» **Exercise brief**
Copy out all the lines of the data precisely, omitting any pictures.

» **Data shown**
————————

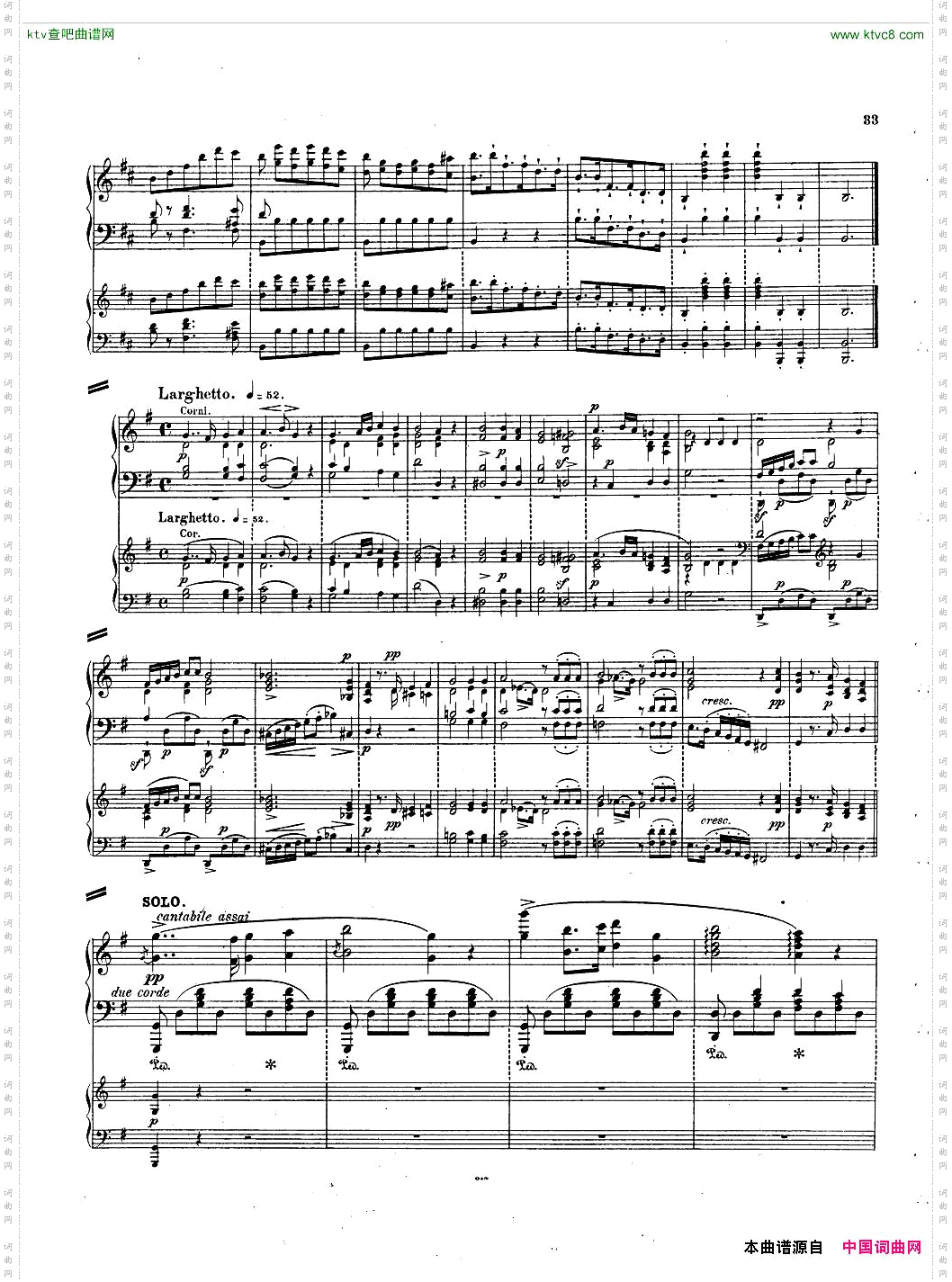 Hummel-PianoconcertoOp89I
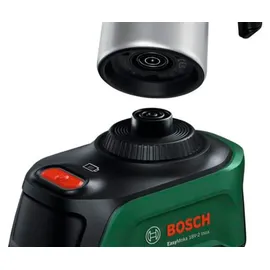 Bosch EasyMoka 18V-2 Inox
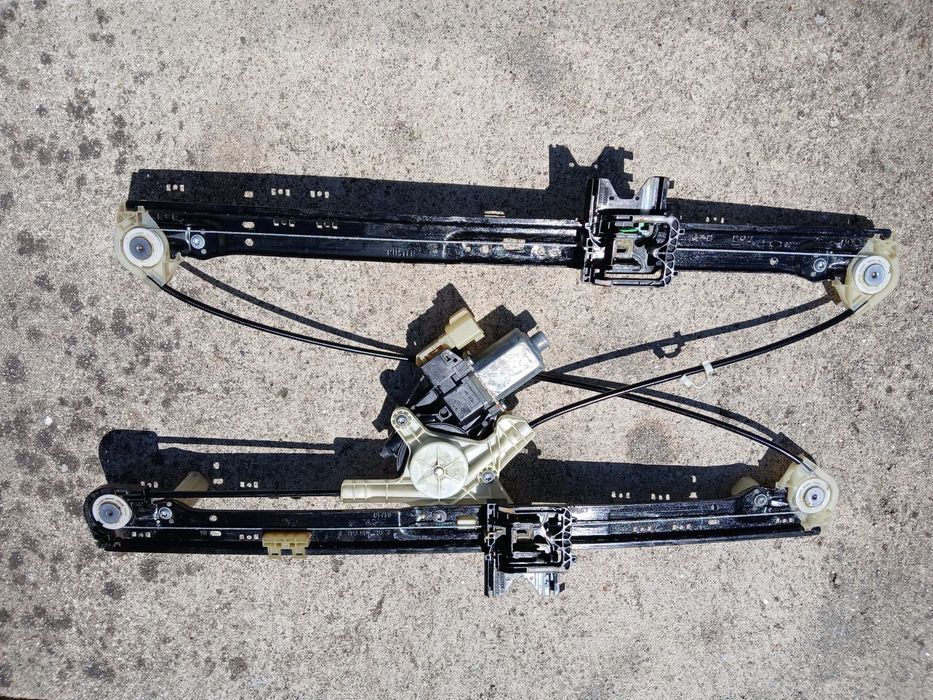 Kit reparação elevador vidro Range Rover L494  P400e  NOVO
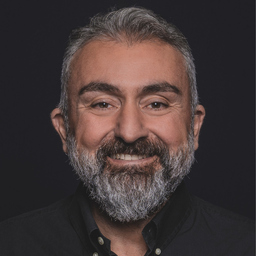 Murat Güzel's profile picture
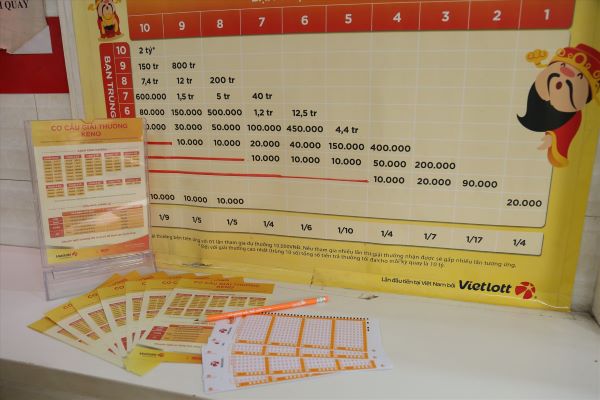 Hướng dẫn chơi Keno đầy đủ, chi tiết từ chuyên gia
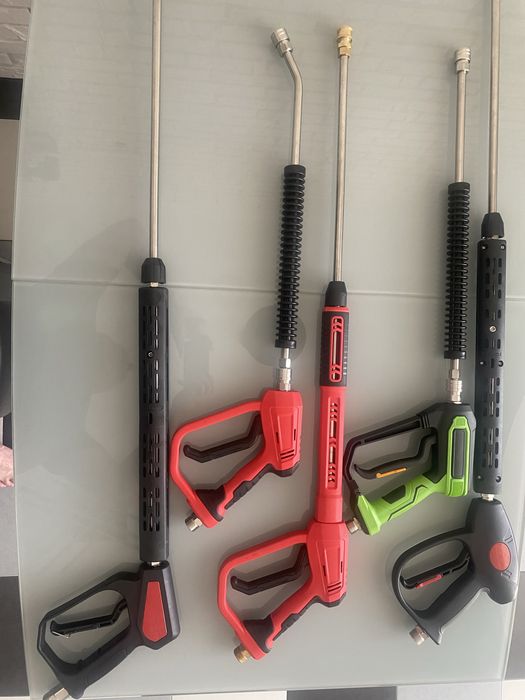Пістолети для мийок високого тиску, керхер, karcher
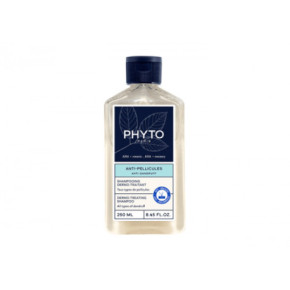 Phyto Dermo-Soothing Shampoo 250ml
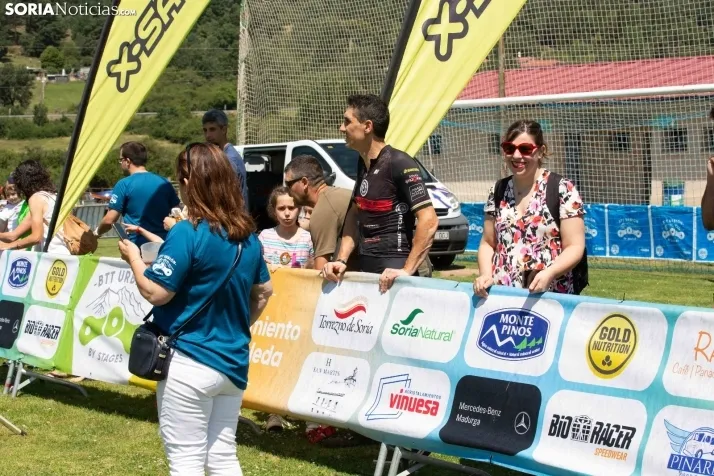 BTT Urbión 2023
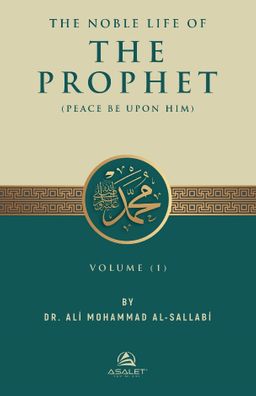 The Noble Life of The Prophet (3 Cilt Takım)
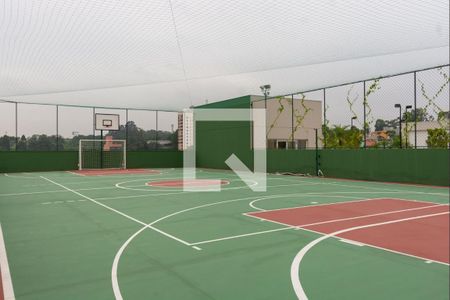 Apartamento à venda com 63m², 2 quartos e 2 vagasÁrea Comum 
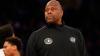NBA直播-纽约篮球往事：1999年那支黑八尼克斯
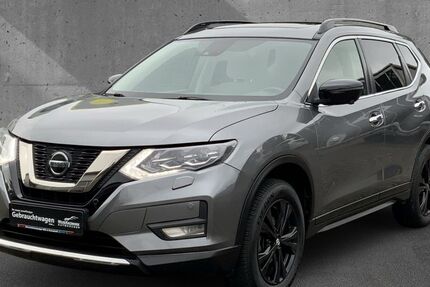 Nissan X-Trail 80.720 km 20.990 &euro; Schwerin 19057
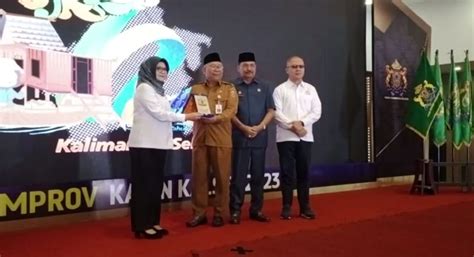 kadin kalsel percepatan ekonomi daerah menuju kalsel maju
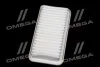 Фільтр повітряний TOYOTA (вир-во Mando) MANDO EAF00281T (фото 4)
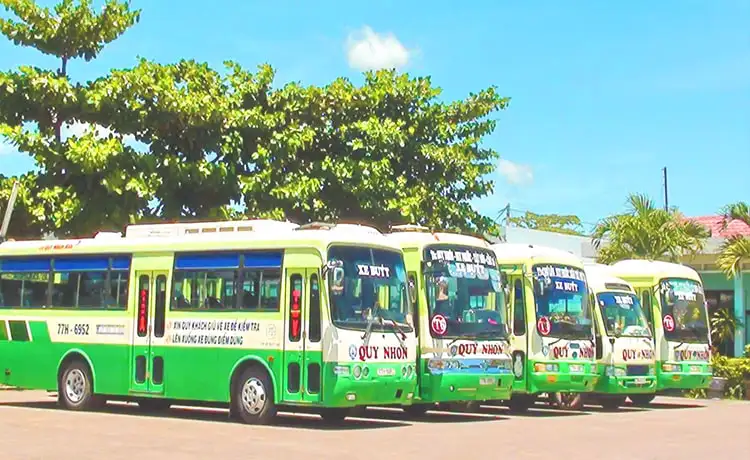 du lịch Quy Nhơn du lịch Quy Nhơn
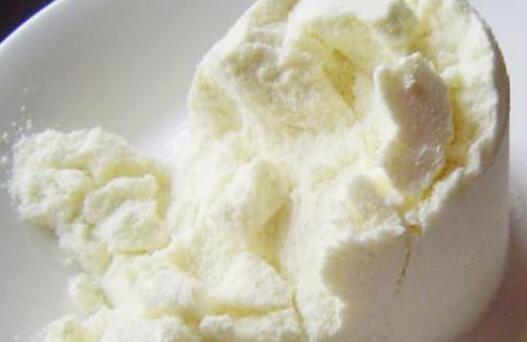 羊奶粉的作用与功效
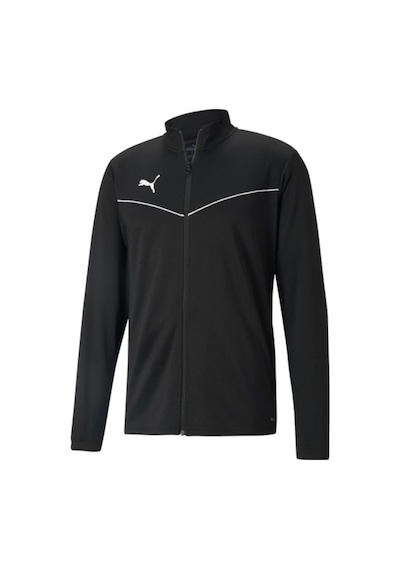 Puma 554347150 Teamrise Training Poly Jacket Erkek Futbol Antrenman Ceketi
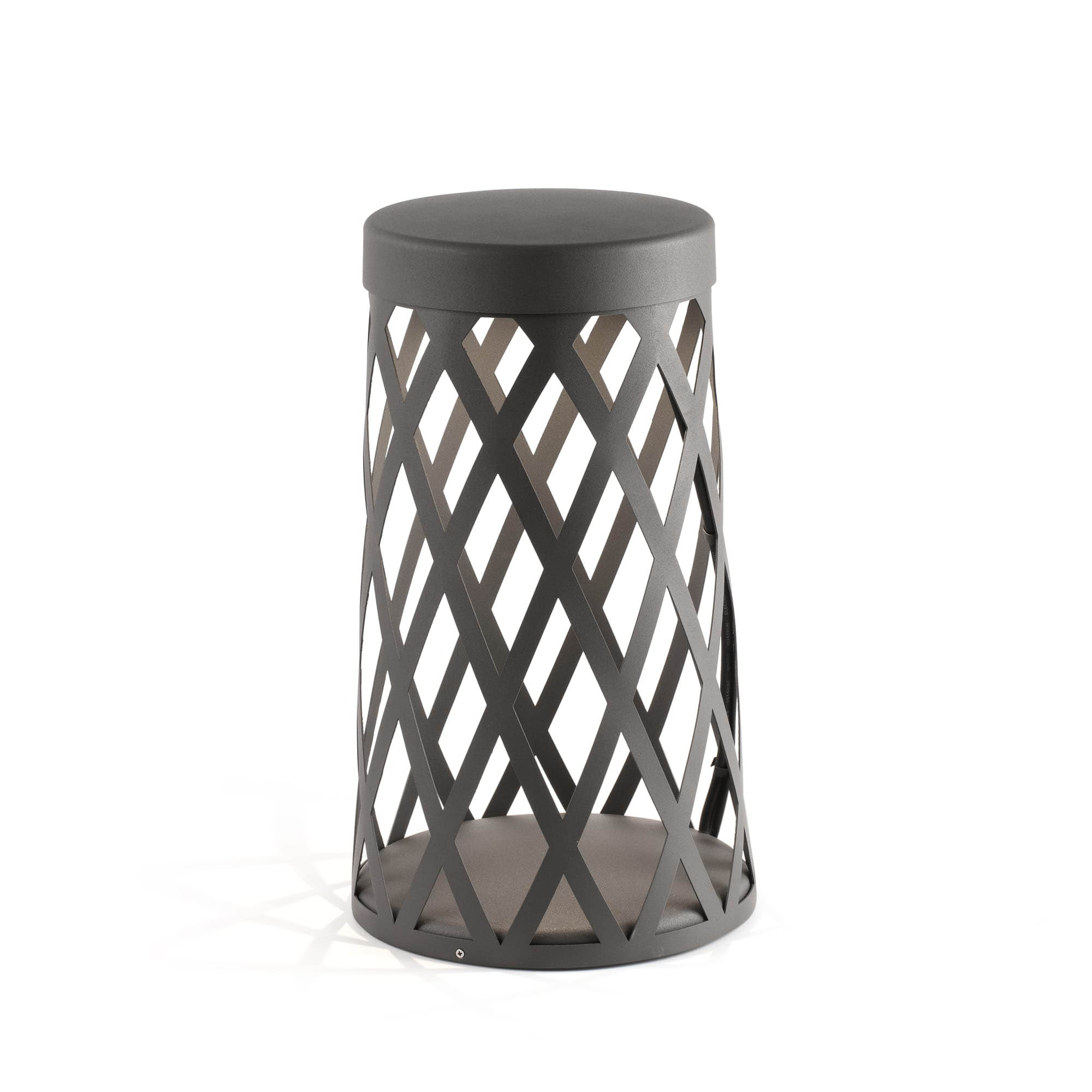 Faro SHADOW 450 Signallampe dunkelgrau 45cm - 1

————————

» **Output for this exercise**
 Hummel-PianoconcertoOp89I
 Bosch EasyMoka 18V-2 Inox
 Kit reparação elevador vidro Range Rover L494  P400e  NOVO
 Murat Güzel's profile picture
 Hướng dẫn chơi Keno đầy đủ, chi tiết từ chuyên gia
Пістолети для мийок високого тиску, керхер, karcher
 Phyto Dermo-Soothing Shampoo 250ml
 BTT Urbión 2023
 The Noble Life of The Prophet (3 Cilt Takım)
 Apartamento à venda com 63m², 2 quartos e 2 vagasÁrea Comum 
NBA直播-纽约篮球往事：1999年那支黑八尼克斯
 Nissan X-Trail 80.720 km 20.990 &euro; Schwerin 19057
 kadin kalsel percepatan ekonomi daerah menuju kalsel maju
 Фільтр повітряний TOYOTA (вир-во Mando) MANDO EAF00281T (фото 4)
 du lịch Quy Nhơn du lịch Quy Nhơn
 羊奶粉的作用与功效
 Puma 554347150 Teamrise Training Poly Jacket Erkek Futbol Antrenman Ceketi
 Faro SHADOW 450 Signallampe dunkelgrau 45cm - 1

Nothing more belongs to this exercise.